I often hear this phrase among people in Pakistan (or Pakistanis in America) who have had experiences living in other countries, where they live and work among Jewish people and have Jewish friends. “I’m against Israel’s genocidal policies/occupation of Palestine/the existence of Israel as an apartheid state but I’m not anti-Semitic.” It is a way of establishing one’s position vis-a-vis the Israeli-Palestinian conflict while still assuring our Jewish friends that we are not against their religion or them as Jews.
Does it work? Is it believable or credible? Or is Israel so indivisible from Jewishness that this is an impossible position to take?
I don’t have all the answers. I do feel, though, that we need to tread carefully when we talk about being “anti-Israel but not anti-Semitic” as Muslims, Pakistanis, or anyone else who is not Jewish and feels an affinity with Arabs and Palestinians because we imagine Islam compels us to do so.
Imagine this: that a friend comes up to you and says, “I’m against Pakistan/its oppressive policies against the Pashtuns/the genocide in Baluchistan but I’m not against Islam.”
Would that make sense to you?
Pakistan is so deeply identified with Islam that it would be a Herculean task to separate one from the other. If an outsider were to make the statement “I’m against Pakistan but I’m not against Islam” you would immediately feel alienated and on the defensive, as if your identity as a Pakistani Muslim was being threatened or called into question. However, if a Pakistani talked about opposing policies espoused by the Pakistani government, you would know they were speaking with an insider’s view, with an understanding of context, and with a deep love for the country despite its mistakes and missteps.
So too it is with Israel: when we speak of being “against” Israel but not against Judaism, we are not realizing what we are saying and how it is perceived (Please note that I am not saying a pro-Palestinian stance is undesirable or that we must not call out nations that engage in occupation and oppression). But trying to hedge your bets, as someone who is not Jewish, may strike someone as insincere at best, dishonest at worst, and agenda-driven regardless.

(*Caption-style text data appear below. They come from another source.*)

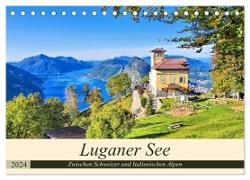 Luganer See - Zwischen Schweizer und Italienischen Alpen (Tischkalender 2024 DIN A5 quer), CALVENDO Monatskalender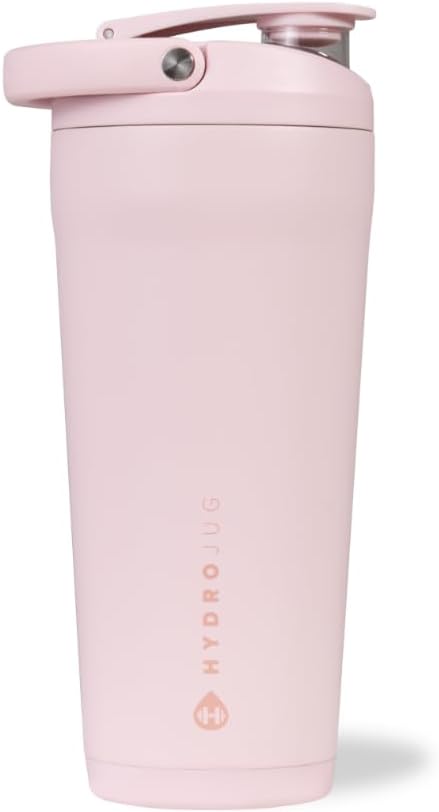 HydroJug 24 oz New Stainless Steel Shaker – Insulated, Leakproof, BPA-Free with Silent Mixing Grate – No Clumps, No Noise – Premium Shaker for Fitness, Sports & Everyday Use, Pink Sand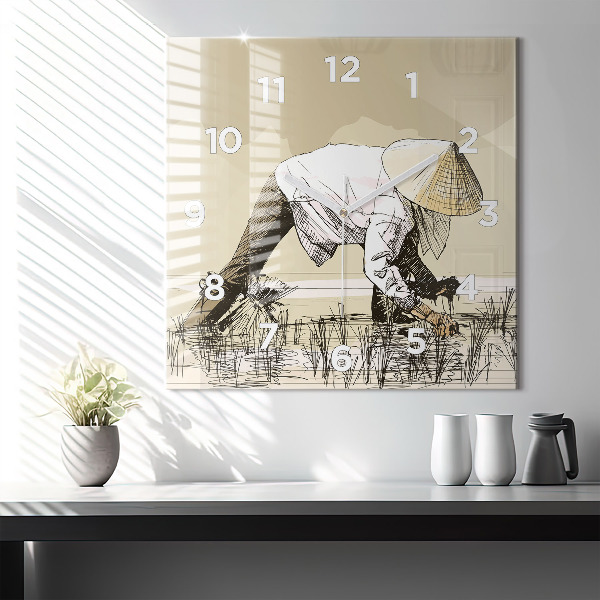 Horloge murale carrée Femme cueillant du riz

It is probably best to give the space to those Jews and those Israelis who understand the system and religion to lead the movement and protest against its oppressions and injustices. And there are many Jews and many Israelis of conscience who do understand and who do oppose those policies and who do lead the protests. We as Pakistanis, Muslims, and non-Jews, can support those Israeli voices and amplify their message, while remaining pro-Palestinian in a political sense.
But we must always bear in mind that Jews around the world still hold the idea of Israel, a homeland for their people, dear to their hearts.
Tread carefully, because you tread on their dreams, to paraphrase Yeats.